A grocery trip turns into and intergalactic political crisis as talking bananas,rebellious beets

By Rohitha LankaPublished 10 months ago 4 min read

The Bananas, the Beets, and the Most Peculiar Day at Mr. McTavish's Grocery Emporium

It started on a Tuesday, and like most Tuesdays, it was no different than any Tuesday before. The sun shone kindly from behind a veil of lazy clouds, and Simon Thompson was where he so often was the gray, characterless aisles of Mr. McTavish's Grocery Emporium.

A creature of habit, he had embarked that morning with no loftier goal than to purchase his weekly provisions milk, eggs and a packet of carrots, naturally. But if the universe had a plan, it was to be absurd.

Simon maneuvered his cart with all the elegance of a man who had shopped for groceries for 27 years. He was halfway down the cereal aisle when he heard it. A low murmur at first so faint he believed it was a play of the mind. But it became louder, more distinct. The noise was emanating from the bananas.

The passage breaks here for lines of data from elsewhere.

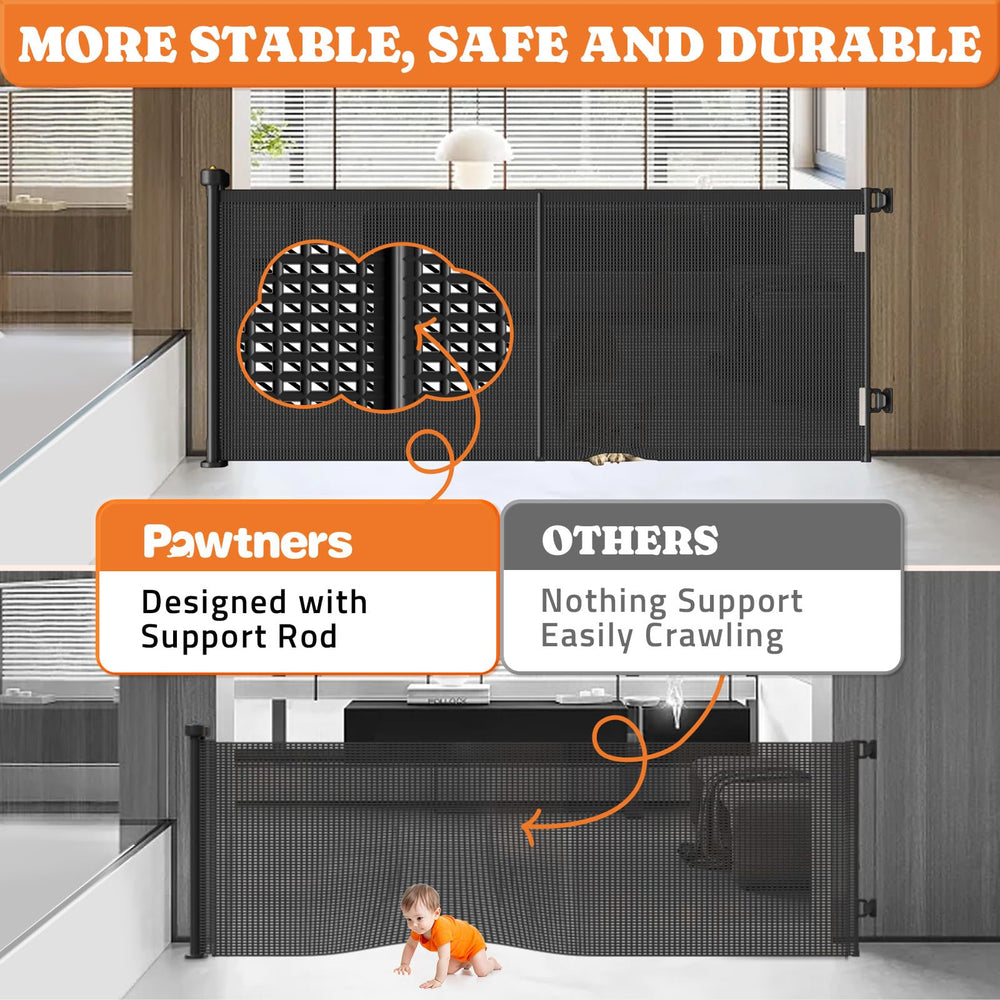 Pawtners 35-inch mesh panel barrier for stairs and hallways.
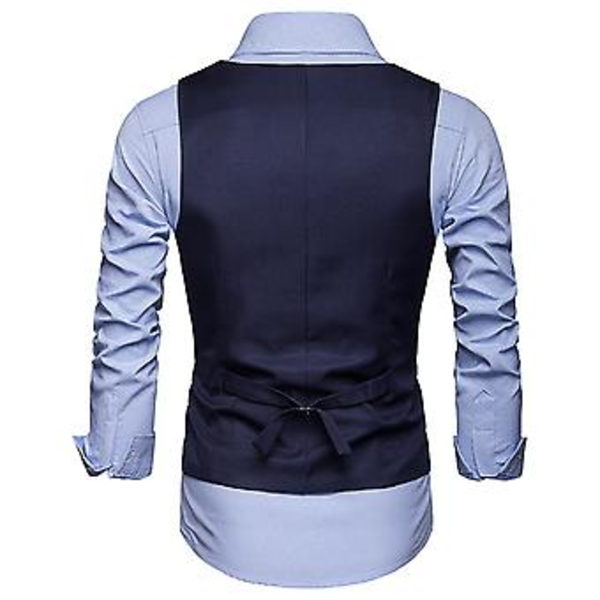Herrar Solid Formal Knappar Väst Med Fickor Business Office V-hals Ärmlös Blazer Väst (L Marinblå)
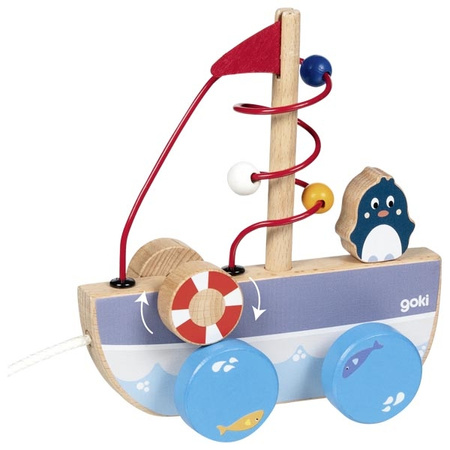 Statek Ahoy do ciągnięcia z labiryntem koralikowym Goki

So disoriented, Simon stopped mid push and looked toward the fresh produce section. A bunch of well ripened bananas swung gently in an overhead fan's breezes. One of them, the biggest of the three, started to shudder as though possessed by some invisible energy.

''Hey, buddy,'' said the banana in a gruff voice, ''you going to buy me or not ?''

Simon blinked. His hand froze on the handle of the cart. ''What .....what did you just say?''

The banana rolled its yellow eyes in a theatrically manner. ''I said, are you going to buy me or are you just going to stand there like a fucking idiot?

Simon stared at the banana and gaped a stunned silence descended. It was, for want of a better word, talking. He was sure that fruit didn't talk. And here it was, having a conversation.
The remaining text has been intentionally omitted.